待ったなしの運送業
久しぶりのコラムになってしまいましたが、本日は9月26日の労働新聞(第3370号)にコラムを書く機会がありましたので、その内容の紹介になります。
詳細につきましては、労働新聞社のWebサイト、労働関連コラム⇒社労士プラザにも掲載されていますので下記リンクから飛んで下さい。
労働新聞社の担当者から、運輸業界の問題は労働新聞社も注視しており、前号(第3369号)の1面でトラック運転者の労働時間等改善基準告示の見直しに関する記事を掲載したばかりだったので、非常にタイムリーな内容でしたとメールが来ておりました。
ご丁寧に10部ほど送っていただきましたので、運送会社の顧問先に郵送させていただきました。初めてメディア等の媒体からの執筆依頼でこれまた初めて原稿料をいただきました。
新聞の記事には流石に行政淘汰とは書けませんでしたが2024年問題は本当に深刻で、弊所運送会社顧問先からも本当に頭が痛いと聞く機会が多くなりました。この荒波を越える為にも、先ずは来年の残業時間60時間超の割増率及び未払賃金3年遡りの対策為の案内を弊所でも始めています。
運送業はどうしても長時間労働になってしまいます。未払賃金対策の肝は勤怠管理です。まだまだ点呼からを始業にしてしまっている運送会社は数多くありますが、点呼の前に始業前点検があります。5分~10分位は掛かりますので、点呼から始業にしてしまうとこの時間は未払になってしまいます。
また、正しくは始業前点検の時間が始業では無く、労基では出社のした時間からが原則賃金が発生します。出社して作業着に着替えて始業前点呼に入るまで5分位は掛かるでしょうし、作業着のまま出勤しても始業前点検始まるまで何だかんだ5分は掛かってきますので、出社からカウントしないと未払になってしまいます。

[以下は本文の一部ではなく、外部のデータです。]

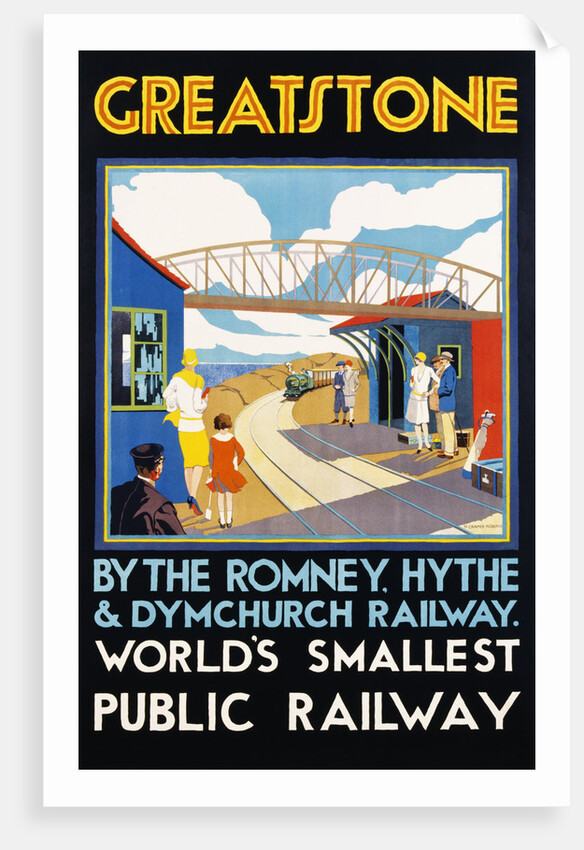 Greatstone - World's Smallest Public Railway Poster by N. Cramer Roberts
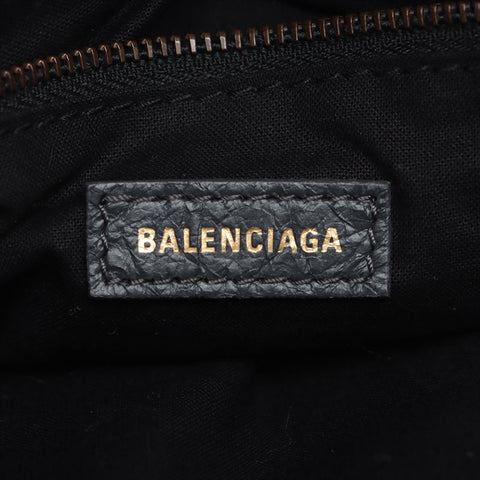 BALENCIAGA Mini City Graffiti Paint 2way Handbag black WS15702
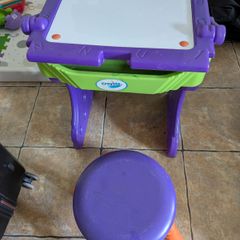 Crayola Easel/ Table and Stool for Kids
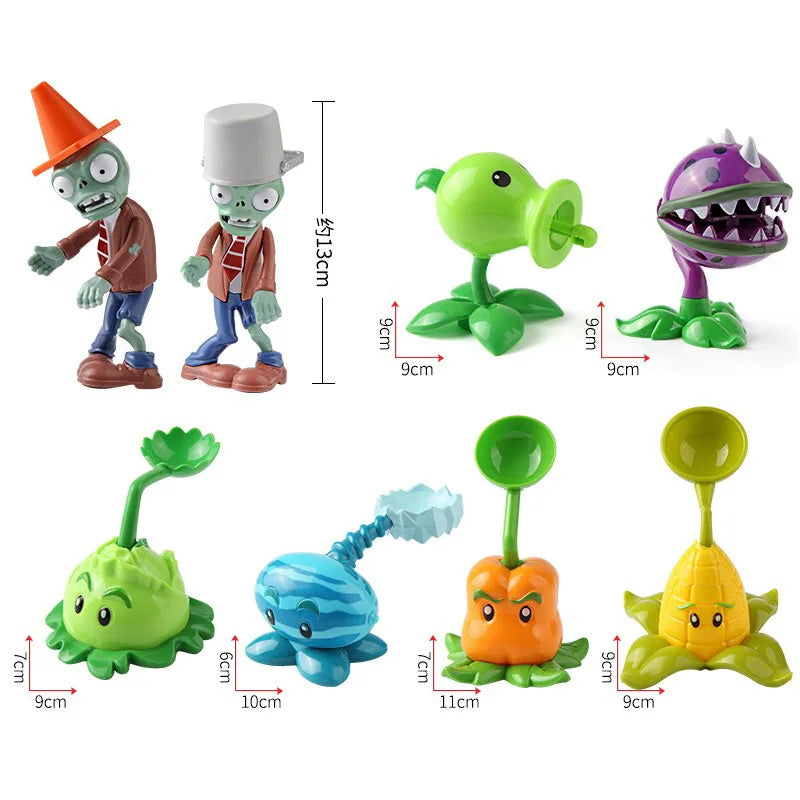 Plantes contre Zombies 2 Jouets Série Anime Original Figurines d'Action Silicone Souple Zombie Anniversaire Noël Nouvel An Cadeau Garçons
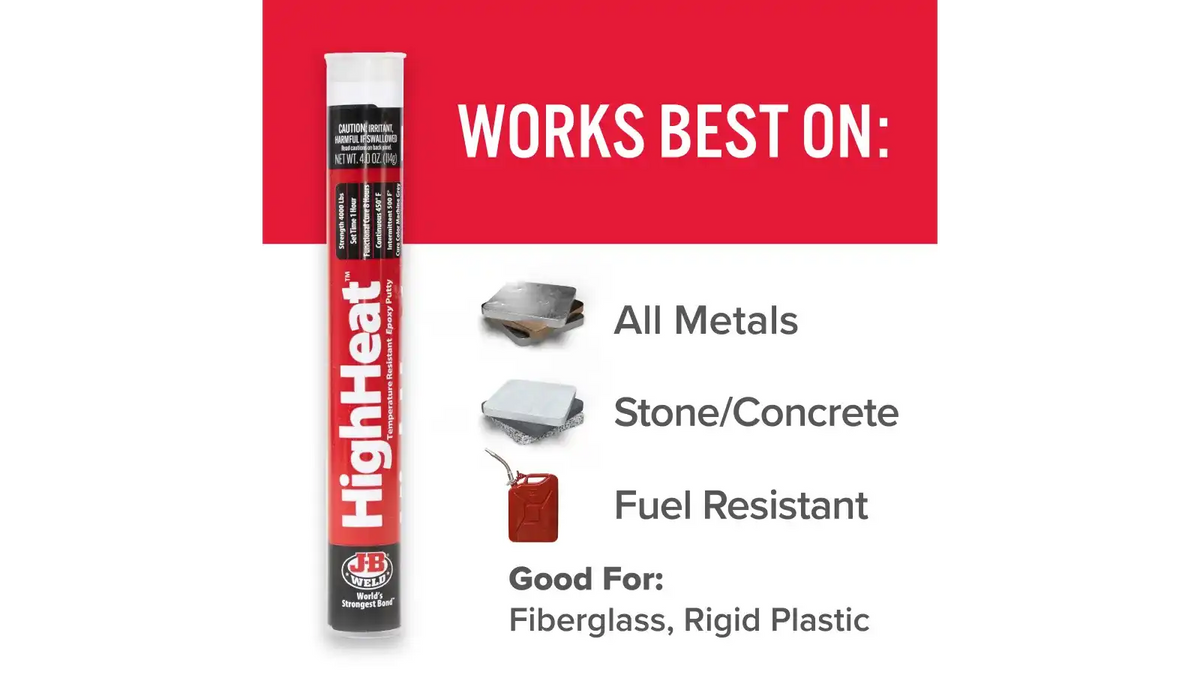 HighHeat™ Epoxy Putty - 4 oz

始業前点検は道路運送車両法(日常点検整備)第47条の2法律で義務づけられていますので、労働時間に前後するいわゆる作業付帯時間は労働時間となります。
労働基準監督署が行った監督指導による賃金不払残業の是正結果(令和3年度)65億円と厚生労働省のサイトで公表されています。前回のコラムでも書きましたが未払賃金遡及は既にこれまでの2年から3年になっています。現時点で2年を超える遡りになっており、訴訟になって敗訴した場合は付加金や遅延損害金で当初の未払賃金の3倍になる可能性もあります。
2024年の労働時間の上限規制問題の前に、来年の2023年問題対策は非常に重要です。私は元々トラックドライバーでした。その経験が社労士としてこんなに生かされるとは思いもよりませんでした。運送会社勤務時代に取得した物流経営士の知識も顧問先の荷主交渉に活用出来ます。
運送業界に30年以上お世話にった身、今こそ恩返しをする絶好の機会と腹を決めてこの荒波に共に立ち向かっていく決意で労働新聞社掲載のコラムを書きました。
最後までお読みいただきありがとうございました。